Dear Tig: When Publicity Is A Bad Thing, Customers Vs. Clients, and Marketing Criticisms
by Tig Tillinghast

** Tig's weekly column fields questions from and for marketers. **

Dear Tig, Do you agree with this statement: “All publicity is good publicity.” It confuses me!

Thanks, Curious

Dear Curious,

It probably confuses you because its truth does not always apply to the marketing industry. The expression is variously attributed, but very likely had its origin in the early Hollywood or New York City entertainment industry publicists.

In the celebrity-marketing context, public foibles, gaffes, even crimes can generate a complex sense of humanity and sympathy from the public. The key for these fame-seeking actors is to get famous, not to become famous for a particular quality.

Branding works differently among products and services. Fame isn't enough. Tylenol was famous when cyanide was found in some capsules in 1982. Several meat and vegetable packing plants have enjoyed reams of publicity recently for some listeria outbreaks. This probably isn't good publicity.

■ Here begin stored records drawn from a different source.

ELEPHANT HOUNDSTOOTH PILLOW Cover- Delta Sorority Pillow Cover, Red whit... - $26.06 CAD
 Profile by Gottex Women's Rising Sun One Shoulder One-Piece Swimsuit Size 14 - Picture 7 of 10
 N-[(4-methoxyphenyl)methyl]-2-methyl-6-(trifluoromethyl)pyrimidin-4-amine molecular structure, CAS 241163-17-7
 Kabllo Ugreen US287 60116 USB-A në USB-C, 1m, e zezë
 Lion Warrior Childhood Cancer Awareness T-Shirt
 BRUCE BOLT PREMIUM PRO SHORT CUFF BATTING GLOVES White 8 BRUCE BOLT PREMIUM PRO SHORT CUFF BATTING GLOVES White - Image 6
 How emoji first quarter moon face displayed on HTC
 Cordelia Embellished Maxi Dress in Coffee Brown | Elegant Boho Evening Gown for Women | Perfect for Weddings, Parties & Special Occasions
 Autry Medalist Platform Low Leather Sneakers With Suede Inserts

There are die-hard publicists out there who would argue differently--that once the listeria outbreak calms down, people will remember the brand name and forget the bouts of excruciating stomach pain, nausea and diarrhea.

This presumes an audience with very poor memories and an almost Pavlovian attraction to famous brand names. I can assure you that in the fall of 1982, when Chicago police ran loudspeaker trucks through the city to warn people not to use or buy Tylenol, it was not good publicity.

If your company markets specifically to nincompoops, and the brand is already so tarnished as to have little worth, the old adage may have some weight.

But I'd like to see, instead, a more accurate and universal phrase from John Updike replace the old saying: “Publicity is a voracious idiot that doesn't mind what it eats.”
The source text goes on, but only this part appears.